Relying on that precedent, the four justices decided the law the Gliemmos challenged also was not an unconstitutional special law "affecting only a limited activity in a specific industry during a limited time frame."

Wrote the majority: "Rather, as with the Hospital Care for Pregnant Women Act, it is a general law because it operates uniformly upon all health care liability claims arising from emergency medical care as provided in the statute.... It is not limited to claims based on a specific type of emergency medical care, and instead, it applies generally to all health care liability actions throughout the state which arise from emergency medical care as set forth in the statute."

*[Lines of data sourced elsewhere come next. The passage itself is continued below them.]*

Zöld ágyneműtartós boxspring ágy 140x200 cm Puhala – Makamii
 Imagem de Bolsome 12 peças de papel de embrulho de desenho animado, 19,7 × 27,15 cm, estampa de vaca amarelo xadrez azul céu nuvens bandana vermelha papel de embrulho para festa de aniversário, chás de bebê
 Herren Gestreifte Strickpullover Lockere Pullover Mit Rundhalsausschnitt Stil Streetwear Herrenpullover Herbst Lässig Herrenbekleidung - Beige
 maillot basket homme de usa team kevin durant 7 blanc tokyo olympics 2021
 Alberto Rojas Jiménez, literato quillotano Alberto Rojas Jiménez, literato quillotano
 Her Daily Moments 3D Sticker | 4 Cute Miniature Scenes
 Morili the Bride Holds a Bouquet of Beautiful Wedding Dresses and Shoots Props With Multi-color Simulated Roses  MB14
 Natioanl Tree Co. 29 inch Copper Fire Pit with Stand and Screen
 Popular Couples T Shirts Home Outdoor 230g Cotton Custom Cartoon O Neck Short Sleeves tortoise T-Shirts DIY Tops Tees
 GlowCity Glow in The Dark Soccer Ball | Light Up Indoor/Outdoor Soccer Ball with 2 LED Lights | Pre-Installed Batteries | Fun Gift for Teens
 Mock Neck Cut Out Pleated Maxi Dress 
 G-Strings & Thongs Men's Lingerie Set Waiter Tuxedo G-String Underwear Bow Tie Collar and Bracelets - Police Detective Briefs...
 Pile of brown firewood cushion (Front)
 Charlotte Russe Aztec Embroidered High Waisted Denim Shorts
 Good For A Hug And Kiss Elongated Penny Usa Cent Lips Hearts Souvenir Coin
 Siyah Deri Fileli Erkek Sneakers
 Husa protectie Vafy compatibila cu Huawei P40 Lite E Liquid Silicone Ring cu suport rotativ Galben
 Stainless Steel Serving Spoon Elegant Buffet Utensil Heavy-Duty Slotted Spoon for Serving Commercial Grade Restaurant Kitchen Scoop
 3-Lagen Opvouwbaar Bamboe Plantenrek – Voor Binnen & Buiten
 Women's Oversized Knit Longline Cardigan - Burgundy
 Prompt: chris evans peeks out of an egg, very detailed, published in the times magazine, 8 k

Justice Robert Benham disagreed, writing for the minority in his dissent: "The General Assembly's effort to assist health care providers is arbitrary in that an emergency medical technician treating a patient who suffered a heart attack in an ambulance on the way to the emergency room does not receive the benefits of the statute simply because the patient has not yet arrived at the emergency room. The classification is unreasonable in that a physician who treats a patient for an emergency medical condition in an emergency room receives the statute's additional protection while a physician who treats the same condition in his office or on a house call does not."

The law thus "contains an unreasonable and arbitrary classification," which renders it an unconstitutional special law, Benham wrote.

The 2005 legislation was intended to aid hospitals and doctors who faced difficulties in obtaining liability insurance.